I am ok with your approach ..but doesn't it look like weird when i say to other people that : please remember the ranker creation should happen only through python please do not use java for the ranker creation ..and in the documentation i have to specify that ..ranker creation not supported in java.

using cranfiled_gt.csv file and the same file i have used in python curl command to create the ranker ..that was successful.

stevenoh93 commented 8 years ago

I believe this failure is caused by using the wrong csv file. You must use the output csv of the Python script to train the ranker. We do not have plans to support creating training data through Java, but you can certainly "port" over the Python script to Java if you want.

areddy7021 commented 8 years ago

ok..so will have to use the ranker step using python as i did in the last time.

stevenoh93 commented 8 years ago

@areddy7021 one alternative approach to what you are doing is to seek some further help on the Java path at https://developer.ibm.com/answers/topics/retrieve-and-rank/ someone there might have some suggestions for you, at the very least you could describe your problem and ask for a potential enhancement to the Java SDK if no solution exists today.

pranireddy9 commented 8 years ago

@stevenoh93 We already posted the issue yesterday. We didn't get any reply.. https://developer.ibm.com/answers/questions/278017/ranker-status-failed-using-java/

poonamsaini17 commented 8 years ago

@areddy7021 Yes , if you do not want to use python , then you have to write that piece of code in java . and it will work.

poonamsaini17 commented 8 years ago

@pranireddy9 have you used Train.py ?

areddy7021 commented 8 years ago

@poonamsaini17 i am just trying to invoke the python from java since i am not good at python ..i am not understanding that piece where actually parsing the csv file and making the train file. But if you know are if you came across any stuff ..please share here ..that would help.

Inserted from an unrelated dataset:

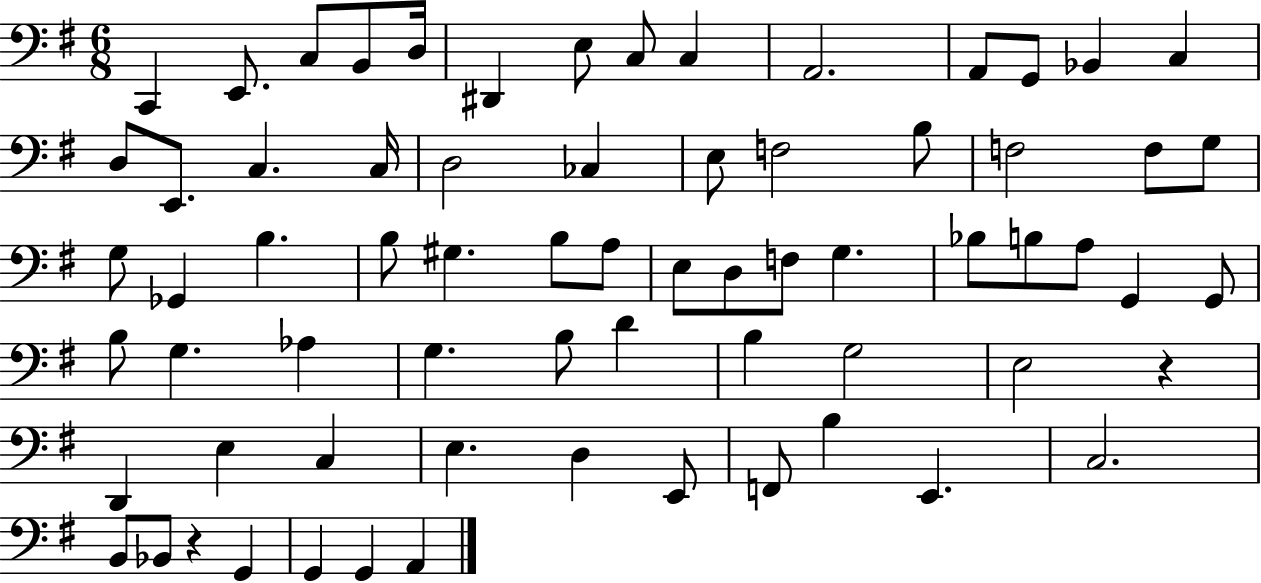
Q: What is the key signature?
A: G major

pranireddy9 commented 8 years ago

No I have not used train.py in my java code.. you said if you do not want to use pyhton then you need to write piece of code in java. Did you write that piece of code for parsing. If yes please share..

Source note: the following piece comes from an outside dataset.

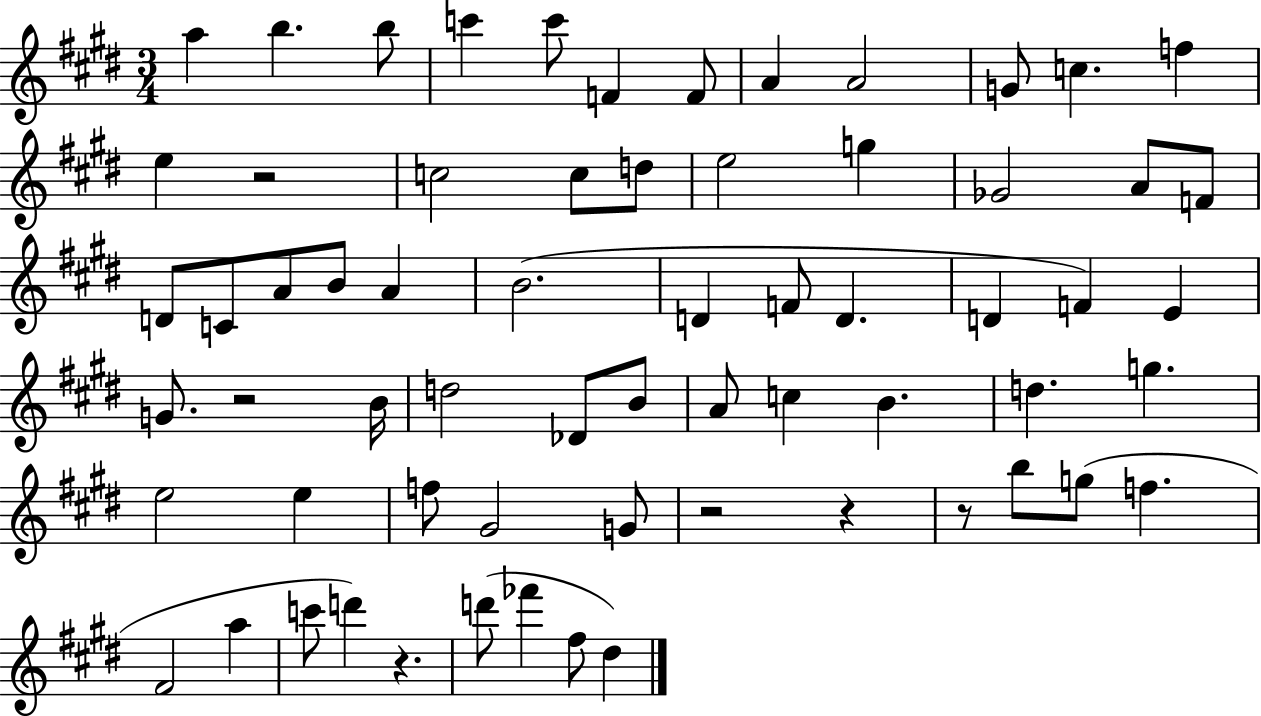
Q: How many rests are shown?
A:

areddy7021 commented 8 years ago

@stevenoh93 and @poonamsaini17 : can any of you share the code if you have that it gets invoked through java.

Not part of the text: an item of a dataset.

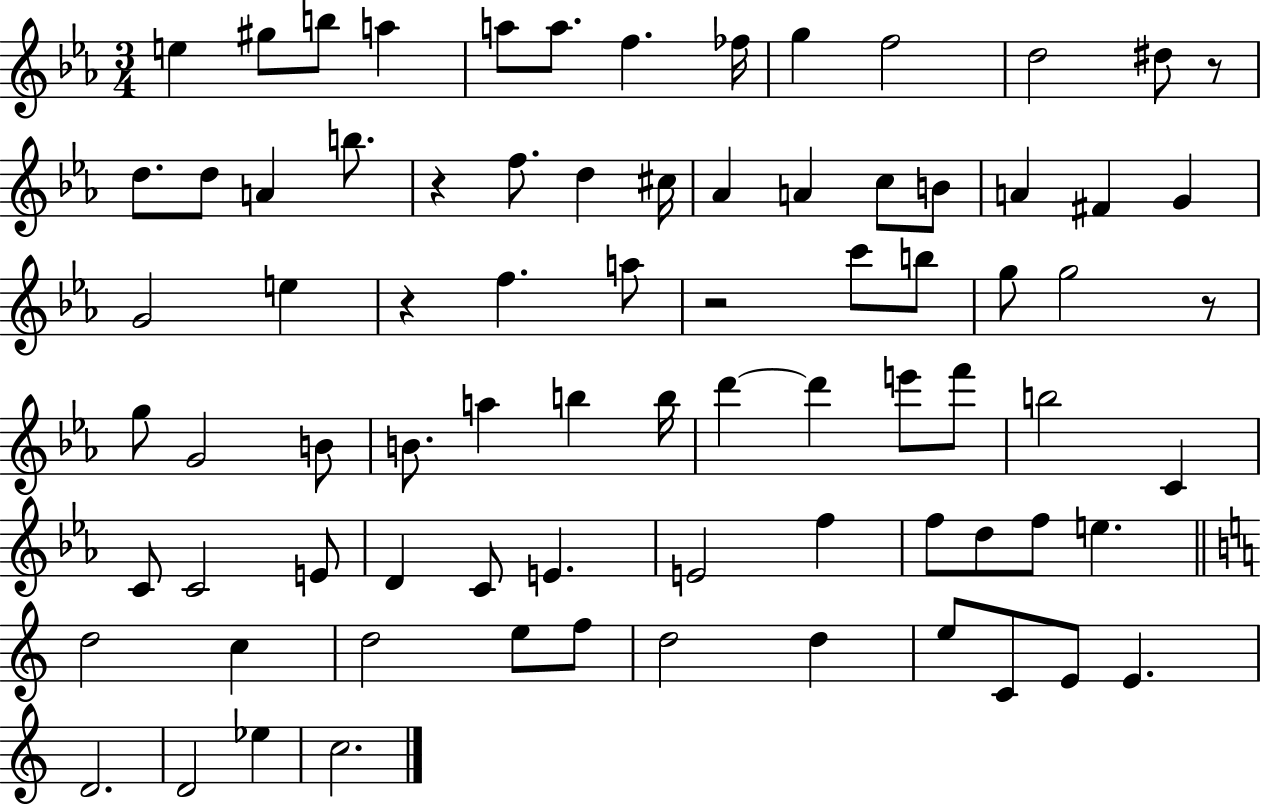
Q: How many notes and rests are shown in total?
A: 79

areddy7021 commented 8 years ago

@stevenoh93 where is t his class PipelieDriver.java ? please pass on to me.

pranireddy9 commented 8 years ago

@stevenoh93 as i have started writing the java version , i am facing a trouble here with the cranfield data.the cranfield data csv contains no headers and random number of coloumns for every csv record. I am using apache csv library to parse the csv file and to get the each coloumn data to construct the curl command for every csv record and then i can issue that curl command to watson to get me the results.

i am stuck at the position where i can not parse the cranfield gt csv file because of the file structure.but if i change the file structure but tomorrow the file structure can be changed and our java version should support all the changes. currently python is supporting very nice with the same csv file , i want to do the same thing in the java where it should support the same csv file to get the trained data.

please throw up some snippets or any code what you have or did in the past to generate the train data using any java class.